Chicago Residents Concerned Over Surveillance Cameras

High-tech surveillance cameras in use around Chicago used by the city’s police to zoom in on crimes in progress and track suspects across the city are the subject of growing privacy concerns from citizens and privacy rights activists.

Chicago has been on a path since 2003 to become the country’s most-watched city, when police first started installing security cameras in high-crime areas around the city. Since the onset of the program, Chicago has linked up more than 10,000 public and privately owned surveillance cams in a system dubbed Operation Virtual Shield, according to a report by the American Civil Liberties Union.

The report, published Tuesday, states that at least 1,250 of those cams are powerful enough to zoom in and read the text of a book, and is also capable of automatically tracking people and vehicles out of range of one camera and into another.

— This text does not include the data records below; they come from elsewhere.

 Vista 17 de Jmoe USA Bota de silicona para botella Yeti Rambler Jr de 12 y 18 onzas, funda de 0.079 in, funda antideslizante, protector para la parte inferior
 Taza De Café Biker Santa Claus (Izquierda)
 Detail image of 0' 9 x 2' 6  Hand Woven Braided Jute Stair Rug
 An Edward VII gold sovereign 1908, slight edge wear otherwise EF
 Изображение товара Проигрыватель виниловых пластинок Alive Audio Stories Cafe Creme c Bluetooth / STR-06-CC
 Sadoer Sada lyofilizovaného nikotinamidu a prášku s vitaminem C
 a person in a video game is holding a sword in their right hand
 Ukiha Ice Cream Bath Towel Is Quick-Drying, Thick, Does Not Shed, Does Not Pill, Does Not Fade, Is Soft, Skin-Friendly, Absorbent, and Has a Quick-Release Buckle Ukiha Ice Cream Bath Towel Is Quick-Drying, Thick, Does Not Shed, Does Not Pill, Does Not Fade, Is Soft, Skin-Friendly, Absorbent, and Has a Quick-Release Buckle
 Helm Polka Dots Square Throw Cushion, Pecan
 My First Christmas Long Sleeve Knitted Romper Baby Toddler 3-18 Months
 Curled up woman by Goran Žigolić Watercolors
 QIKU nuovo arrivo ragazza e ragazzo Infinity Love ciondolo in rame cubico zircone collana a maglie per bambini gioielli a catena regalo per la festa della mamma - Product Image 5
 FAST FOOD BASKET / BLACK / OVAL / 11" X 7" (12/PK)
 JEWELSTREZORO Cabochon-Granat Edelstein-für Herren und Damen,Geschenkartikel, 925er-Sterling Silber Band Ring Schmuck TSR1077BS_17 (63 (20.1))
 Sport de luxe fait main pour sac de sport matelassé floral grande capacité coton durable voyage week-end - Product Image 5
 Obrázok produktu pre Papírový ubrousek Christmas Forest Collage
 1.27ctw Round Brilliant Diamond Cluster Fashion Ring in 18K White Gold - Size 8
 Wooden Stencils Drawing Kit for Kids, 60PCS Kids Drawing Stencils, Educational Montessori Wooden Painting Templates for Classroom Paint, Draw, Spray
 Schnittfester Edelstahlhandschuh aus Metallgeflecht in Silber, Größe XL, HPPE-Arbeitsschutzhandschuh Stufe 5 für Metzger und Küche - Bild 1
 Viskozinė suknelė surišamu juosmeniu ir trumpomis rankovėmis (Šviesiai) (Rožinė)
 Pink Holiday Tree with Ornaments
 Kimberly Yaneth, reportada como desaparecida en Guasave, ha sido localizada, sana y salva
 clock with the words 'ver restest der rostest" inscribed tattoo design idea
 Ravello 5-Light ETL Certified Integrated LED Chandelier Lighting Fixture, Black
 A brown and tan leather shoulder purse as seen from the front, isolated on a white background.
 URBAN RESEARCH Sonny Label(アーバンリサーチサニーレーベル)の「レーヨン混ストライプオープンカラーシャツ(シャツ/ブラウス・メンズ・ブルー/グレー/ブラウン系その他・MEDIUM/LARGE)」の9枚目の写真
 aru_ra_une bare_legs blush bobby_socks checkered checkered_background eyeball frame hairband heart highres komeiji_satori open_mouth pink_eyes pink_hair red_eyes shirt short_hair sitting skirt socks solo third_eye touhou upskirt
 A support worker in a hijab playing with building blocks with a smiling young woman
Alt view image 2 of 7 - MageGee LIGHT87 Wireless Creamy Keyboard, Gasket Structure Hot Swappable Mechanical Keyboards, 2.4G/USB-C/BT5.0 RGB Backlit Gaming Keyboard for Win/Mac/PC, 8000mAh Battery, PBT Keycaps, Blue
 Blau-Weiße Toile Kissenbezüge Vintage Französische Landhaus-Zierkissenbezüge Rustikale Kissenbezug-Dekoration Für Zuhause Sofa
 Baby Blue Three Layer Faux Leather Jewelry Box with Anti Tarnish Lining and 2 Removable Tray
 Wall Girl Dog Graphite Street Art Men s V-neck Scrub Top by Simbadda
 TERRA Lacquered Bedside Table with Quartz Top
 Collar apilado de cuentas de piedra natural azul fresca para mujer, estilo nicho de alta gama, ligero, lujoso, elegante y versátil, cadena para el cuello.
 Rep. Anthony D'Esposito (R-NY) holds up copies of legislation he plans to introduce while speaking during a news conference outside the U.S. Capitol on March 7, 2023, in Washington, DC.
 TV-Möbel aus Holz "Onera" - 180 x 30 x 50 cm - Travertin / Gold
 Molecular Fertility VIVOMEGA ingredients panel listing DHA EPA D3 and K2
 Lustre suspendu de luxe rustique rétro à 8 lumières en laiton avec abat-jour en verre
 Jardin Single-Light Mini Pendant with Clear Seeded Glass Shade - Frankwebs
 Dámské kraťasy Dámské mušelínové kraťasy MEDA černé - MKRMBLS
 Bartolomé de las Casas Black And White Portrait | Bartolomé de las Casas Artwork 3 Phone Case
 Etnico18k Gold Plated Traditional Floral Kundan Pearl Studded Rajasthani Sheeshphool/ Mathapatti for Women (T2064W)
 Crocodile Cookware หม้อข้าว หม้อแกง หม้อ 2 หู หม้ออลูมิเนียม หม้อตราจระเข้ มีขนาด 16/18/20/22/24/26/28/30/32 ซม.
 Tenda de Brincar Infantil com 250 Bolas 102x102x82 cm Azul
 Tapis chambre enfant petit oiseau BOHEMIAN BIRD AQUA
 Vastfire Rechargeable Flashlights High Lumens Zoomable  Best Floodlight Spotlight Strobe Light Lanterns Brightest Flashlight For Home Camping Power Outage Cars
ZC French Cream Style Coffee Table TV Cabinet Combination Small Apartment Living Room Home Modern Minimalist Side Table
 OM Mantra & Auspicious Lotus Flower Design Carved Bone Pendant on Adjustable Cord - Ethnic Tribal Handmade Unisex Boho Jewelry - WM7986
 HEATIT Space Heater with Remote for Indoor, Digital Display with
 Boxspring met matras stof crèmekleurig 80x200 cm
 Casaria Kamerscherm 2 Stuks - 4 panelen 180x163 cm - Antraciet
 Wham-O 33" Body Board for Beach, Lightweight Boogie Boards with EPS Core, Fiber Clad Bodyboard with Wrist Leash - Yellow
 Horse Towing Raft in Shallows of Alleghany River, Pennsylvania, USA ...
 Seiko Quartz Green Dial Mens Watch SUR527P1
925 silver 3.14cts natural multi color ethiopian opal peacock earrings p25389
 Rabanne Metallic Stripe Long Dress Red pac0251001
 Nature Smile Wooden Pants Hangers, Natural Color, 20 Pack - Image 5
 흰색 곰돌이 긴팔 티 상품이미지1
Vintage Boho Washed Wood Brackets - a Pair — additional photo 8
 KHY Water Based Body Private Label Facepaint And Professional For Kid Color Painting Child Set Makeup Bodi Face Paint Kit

“Given Chicago’s history of unlawful political surveillance, including the notorious ‘Red Squad,’ it is critical that appropriate controls be put in place to rein in these powerful and pervasive surveillance cameras now available to law enforcement throughout the City,” Harvey Grossman, legal director of the ACLU of Illinois, told AFP.

The “Red Squad” program, run by the Chicago police from the 20s to the 70s, was used to spy on and maintain profiles of thousands of individuals and groups in an effort to find communists and other insubordinates.

Richard Daley, the outgoing mayor of Chicago, has long supported the surveillance cameras as crime-fighting tools and said he would like to see them on every street corner.

The Chicago police said the cameras have led to 4,500 arrests in the past four years.

But the ACLU said the price tag that comes with the high-tech surveillance system could be better spent on the 1,000+ vacancies in the Chicago police force.

It urged city officials to impose a ban on new cameras and implement new policies to prevent the misuse of the cameras, such as prohibiting filming of private residencies and limiting the propagation of recorded images.

“Our city needs to change course, before we awake to find that we cannot walk into a book store or a doctor’s office free from the government’s watchful eye,” said the ACLU.

A spokeswoman with the Chicago police department said the force regularly reviews it policies and keeps an “open dialogue” with the ACLU.

“The Chicago Police Department is committed to safeguarding the civil liberties of city residents and visitors alike,” Lieutenant Maureen Biggane told the French news agency in an e-mail. “Public safety is a responsibility of paramount importance and we are fully committed to protecting the public from crime, and upholding the constitutional rights of all.”